The first session was delivered by Lucy Calkins. Below I summarize her comments. But do know that I am rephrasing what she said. It’s going to read as less seamless than when it was delivered. Where I have directly quoted here, I added quotation marks. She has some nice gems, of course. This is not meant to be a term paper, so it won’t have footnotes with research to support her points. Also, for you international teachers reading, know that the whole talk was draped in the context of what is happening in education in the US right now- and it’s not a pretty scene.
Lucy is often asked what books she is reading to shape her thinking. She started talking about two books, Visible Learning by John Hattie and Research Based Teaching (I am not sure of the exact title. If I find out I will correct this later). The work of these books is shaping the way the project is taking their work. One reason their ideas are being influenced by these books is because they are reading them with an open stance. There is a way that we can read things and be open to letting their ideas shape us, and there is a way that we can read things with our minds already closed. So with this open stance, they are trying to incorporate some big ideas into their work.
When people study what works in classrooms, they study what has a large effect size. One of the books they read included a review of research about what variables influence student achievement. Surprisingly, class size does have an effect, but not as large an effect as some of the other variables they studied. What does have a large effect size is the kind and amount of feedback students get from teachers. What kind and amount are we giving? Something to consider.

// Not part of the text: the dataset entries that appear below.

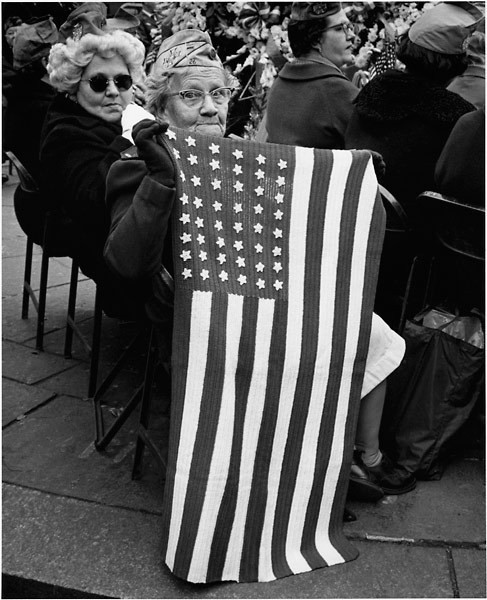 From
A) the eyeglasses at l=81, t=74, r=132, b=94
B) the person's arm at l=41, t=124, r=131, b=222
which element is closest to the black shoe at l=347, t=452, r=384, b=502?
the person's arm at l=41, t=124, r=131, b=222

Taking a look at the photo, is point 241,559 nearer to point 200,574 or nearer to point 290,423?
point 200,574

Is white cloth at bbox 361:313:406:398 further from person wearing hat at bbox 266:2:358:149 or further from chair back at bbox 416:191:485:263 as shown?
person wearing hat at bbox 266:2:358:149

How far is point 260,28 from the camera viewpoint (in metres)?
5.06

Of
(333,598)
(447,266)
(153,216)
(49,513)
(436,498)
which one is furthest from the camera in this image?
(447,266)

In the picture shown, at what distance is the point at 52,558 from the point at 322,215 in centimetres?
134

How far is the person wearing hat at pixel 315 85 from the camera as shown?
13.5 ft

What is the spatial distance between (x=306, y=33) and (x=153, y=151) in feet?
7.30

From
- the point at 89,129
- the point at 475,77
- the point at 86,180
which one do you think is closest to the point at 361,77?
the point at 475,77

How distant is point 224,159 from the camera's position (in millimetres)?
2455

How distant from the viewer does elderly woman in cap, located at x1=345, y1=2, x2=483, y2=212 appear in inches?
135

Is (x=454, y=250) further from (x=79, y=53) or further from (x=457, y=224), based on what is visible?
(x=79, y=53)

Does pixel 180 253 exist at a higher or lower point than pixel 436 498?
higher

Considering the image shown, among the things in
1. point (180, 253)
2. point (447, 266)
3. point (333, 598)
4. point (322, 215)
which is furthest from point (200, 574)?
point (447, 266)

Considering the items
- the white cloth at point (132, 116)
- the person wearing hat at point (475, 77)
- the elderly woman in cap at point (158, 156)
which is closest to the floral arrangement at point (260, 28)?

We need to give kids the feeling that there is a progression in their work. Do they understand that one day is supposed to be better than the last? Each day building on what has come before? Their ability to choose a topic, reread and revise, have a partner conversation, jot on post its, use their reading log, and give themselves writing homework- it all needs to be getting better and better across a year, and across years.
Kids need big, ambitions goals. And so do teachers and schools. The whole idea is tha tyou have a goal that you are working towards, and a vision to attach the goals to.
Certain trends in education are not going away: Differentiation, accountability, data based teaching, and the common core. These things are here to stay, for now. “You can’t really win by fiercely saying no.”
“We need to face the brutal facts with undying optimism.” (this quote is from Jim Collins, author of the book From Good to Great).
On data: Using data is like looking in a mirror. If we find that kids can’t do something, let that teach us that it’s what we need to give them more opportunities to do.
People are going to be looking at data. If we don’t give them the data we want them looking at, they will look at something else. So we need to be in control of what they look at. Let’s give people data they can trust and what reflects our priorities.
On differentiation: The very best of education is individual. When you love someone different than you, you become bigger.
On the Common Core: We need to become spokespersons for the Common Core. If we don’t interpret this document, others will do it for us, and it could be done in a horrible way.
We spend a lot of time teaching children story structure, and that in a story the character struggles and struggles towards something they really want. Story structure is life. It’s not just a thing we teach. We encounter trouble. That’s when the rising action happens. When we encounter trouble, we draw on resources we didn’t know we had. “When you encounter bumps, that’s when the insides spill out.” Bring the trouble out and let the community rally around it.
The winds blowing across education are troubling right now. But we can use those winds to lift our sails and take our practice to new levels.